27. Terugkeergarantie
[Regeling vervallen per 01-01-2012]
Fase 1: – Fase 2: K Fase 3: R
Aan de medewerker aan wie eervol ontslag op eigen verzoek wordt verleend om een functie
buiten de sector Rijk te aanvaarden kan worden toegezegd dat, bij ontslag uit die
functie aantoonbaar buiten zijn schuld of toedoen tijdens de eerste 6 maanden van
uitoefening, een nieuwe aanstelling in vaste dienst wordt aangeboden met een salaris
overeenkomstig het salaris bij vertrek. De overige aan te bieden arbeidsvoorwaarden
kunnen afwijken van de situatie voorafgaand aan het vertrek. Van deze mogelijkheid
kan geen gebruik gemaakt worden wanneer bij het vertrek een stimuleringspremie is
toegekend of wanneer een aanvulling op het salaris is afgekocht (extra beleid).
28. Verlof eigen bedrijf
[Regeling vervallen per 01-01-2012]
Fase 1: – Fase 2: K Fase 3: R
Bij ontslag op eigen verzoek van een medewerker voor het aanvangen van eigen bedrijfsactiviteiten,
kan het bevoegd gezag op verzoek van de medewerker besluiten, het dienstverband 3
maanden langer in stand te laten, gedurende welke periode betrokkene de werktijd geheel
of gedeeltelijk aan de feitelijke start van bedrijfsactiviteiten mag besteden. Deze
periode van drie maanden kan op verzoek van de medewerker worden gekapitaliseerd.
Voorwaarde voor toekenning van het verlof is het indienen van een bewijs van inschrijving
bij de Kamer van Koophandel (extra beleid).

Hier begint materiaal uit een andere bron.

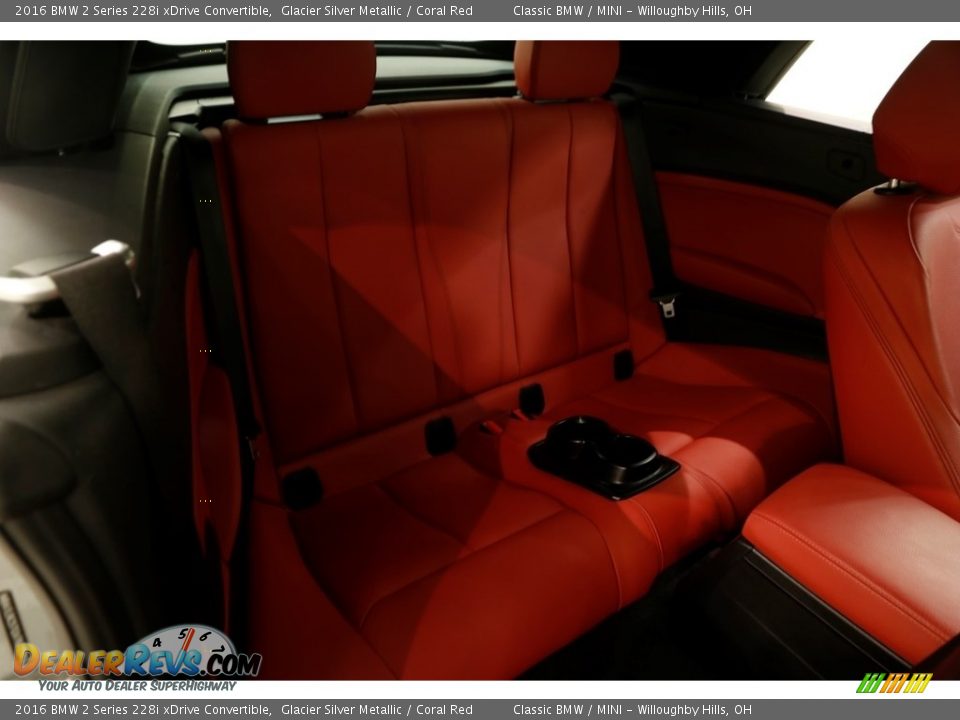 2016 BMW 2 Series 228i xDrive Convertible Glacier Silver Metallic / Coral Red Photo #16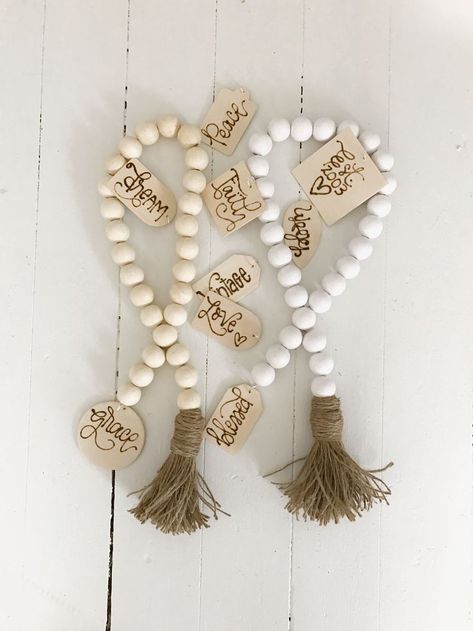 Wood bead garland!  The BoHo beads are like accessories for your home! They come with a personalized wood charm. Check out my Instagram @thebohobeads to order! Wood Charms, Beauty For Ashes, Wood Beads Diy, Farmhouse Beads, Blessing Beads, Tassel Crafts, Arts And Crafts Storage, Bead Decor, Boho Beads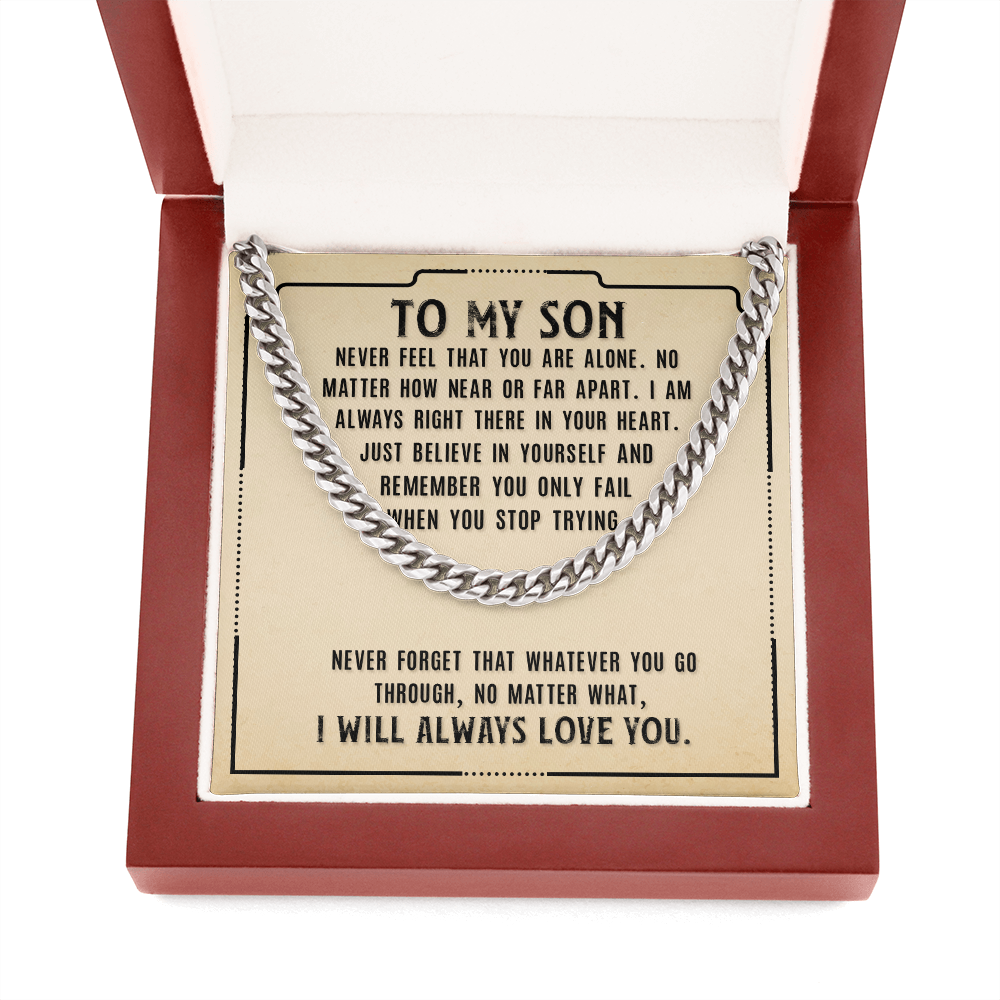 To My Son Never Alone Dad Cross Necklace Gift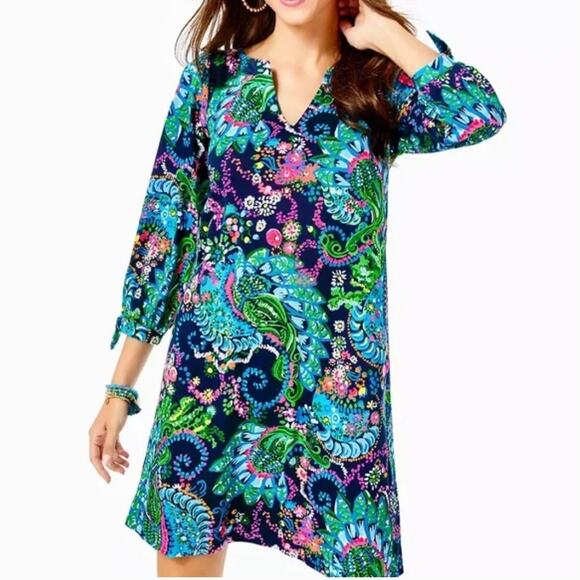 LILLY PULITZER Cath Dress Multi Take Me To The Sea Relaxed Fit Sz M {V32} - Picture 1 of 6
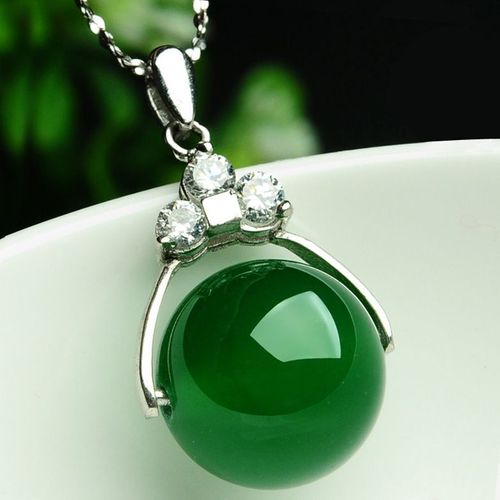 Agate Rouge Année De Naissance Perles De Course Pendentif Agate Émeraude Collier Calcédoine Pendentif Femme Argent Lvn4490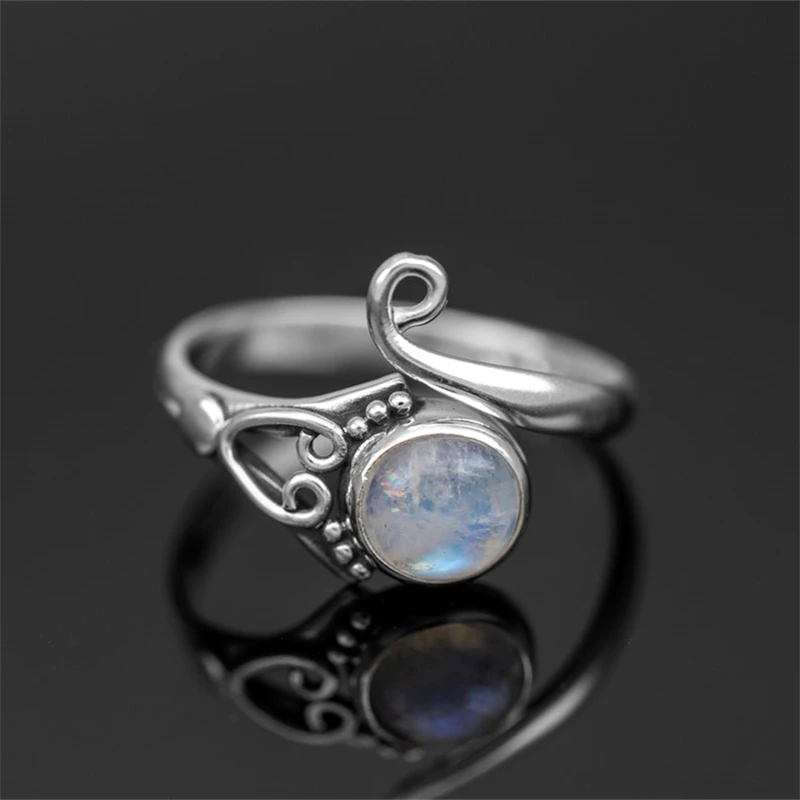 Boho Style Female Inlaid Natural Moonstone Metal Open Ring Fashion Women's Anniversary Party Gift Jewelry Dropshipping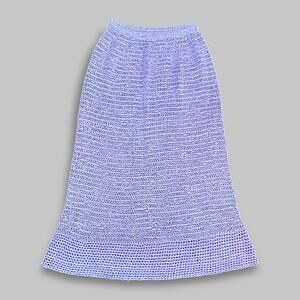 Vintage Lavender Hand-Knit A-Line Midi Skirt – Women’s Size S/M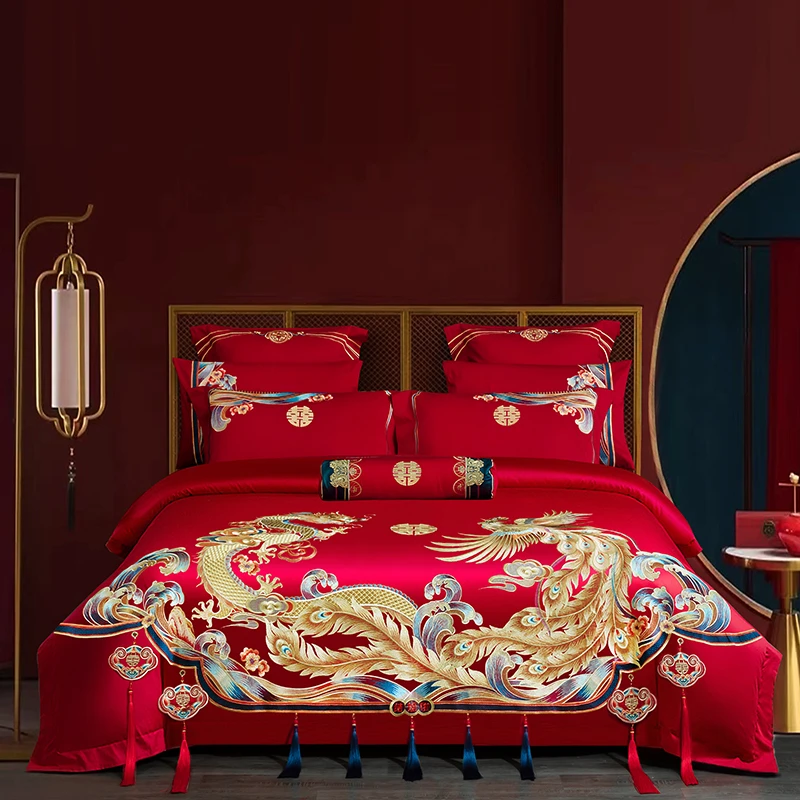 新娘2025新款重工刺绣婚庆四件套双面100S长绒棉婚庆套件床上用品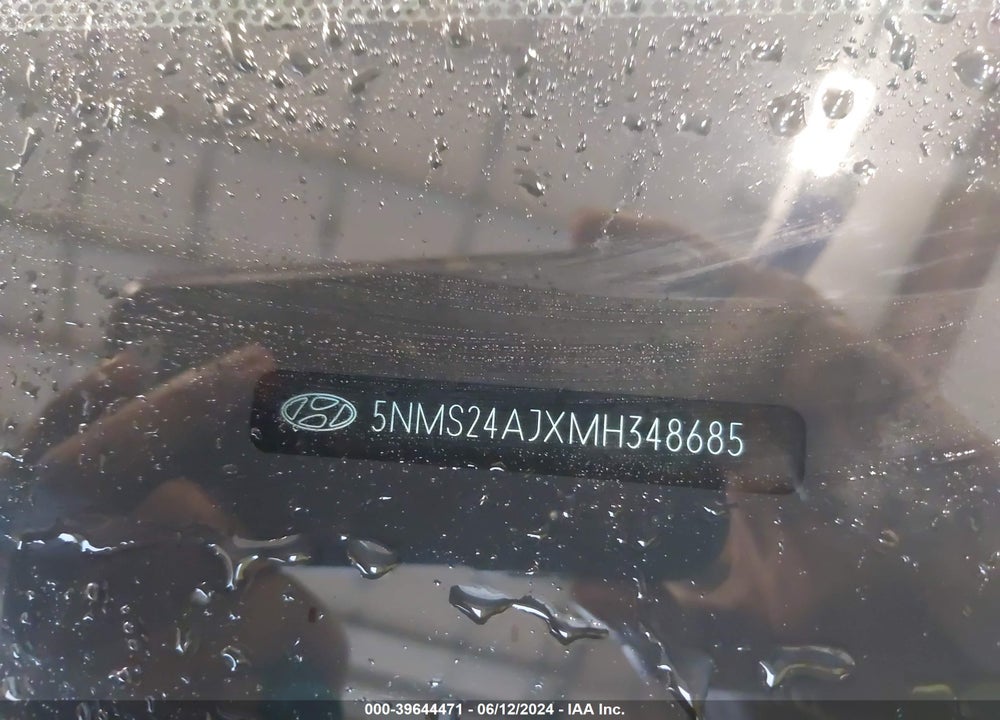 2021 HYUNDAI SANTA FE SEL VIN: 5NMS24AJXMH348685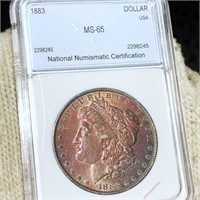 1883 Morgan Silver Dollar NNC - MS65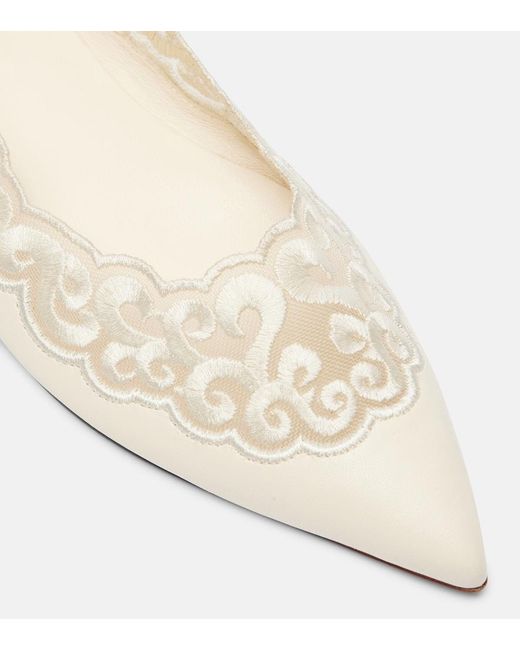 Gabriela Hearst Natural Ziva Embroidered Leather Ballet Flats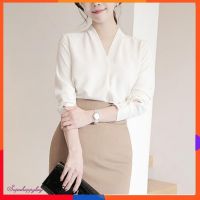 COD DSFERTRETRE ✨Superhappybuy?Women V-neck Blouses Fashion Chiffon White office wear Tops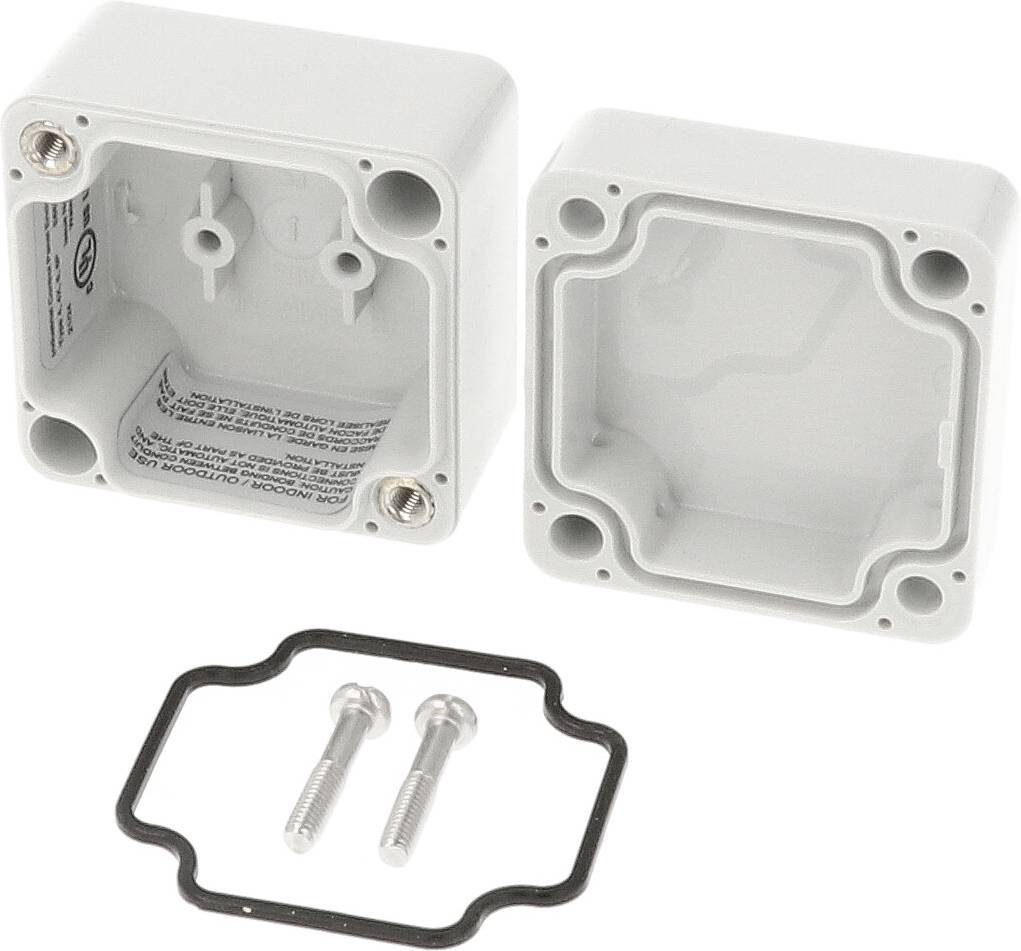 Zwei geöffnete graue Kunststoffgehäuse mit Dichtungsring und zwei Schrauben. Geeignet für elektrische Installationen im Innenbereich.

29. Extra mogelijkheid aanwijzing herplaatsingskandidaat
[Regeling vervallen per 01-01-2012]
Fase 1: – Fase 2: – Fase 3: R
Indien binnen een jaar na herplaatsing blijkt dat de nieuwe functie toch niet passend
is, kan de medewerker één keer door het bevoegd gezag opnieuw worden aangewezen als
herplaatsingskandidaat. De eventuele periode die de medewerker vóór herplaatsing in
betreffende functie al herplaatsingskandidaat is geweest, wordt dan in mindering gebracht
op de nieuwe herplaatsingstermijn (extra beleid).
30. Toepassing SFB bij niet passendheid functie
[Regeling vervallen per 01-01-2012]
Fase 1: – Fase 2: R Fase 3: –
Indien binnen een jaar na de plaatsing van een medewerker die behoort tot een aangewezen
groep in fase 2 naar het oordeel van het (nieuwe) bevoegd gezag blijkt dat een functie
niet passend is, heeft de medewerker gedurende één jaar recht op toepassing van het
Beleid behorend bij fase 2
31. Vergoeding kosten in verband met mobiliteit
[Regeling vervallen per 01-01-2012]
Fase 1: K Fase 2: K Fase 3: K
Het bevoegd gezag heeft de mogelijkheid (overige) kosten te vergoeden of faciliteiten
aan te bieden die samenhangen met gerealiseerde mobiliteit. Dit betreft een open mogelijkheid
om in individuele gevallen een compensatie te geven voor bijzondere kosten in relatie
tot mobiliteit of te ondersteunen bij mobiliteitsbelemmerende factoren in de privé-sfeer,
zoals bijvoorbeeld ondersteuning van een partner bij vinden van ander werk of emotionele
begeleiding (uitbreiding artikel 69 ARAR).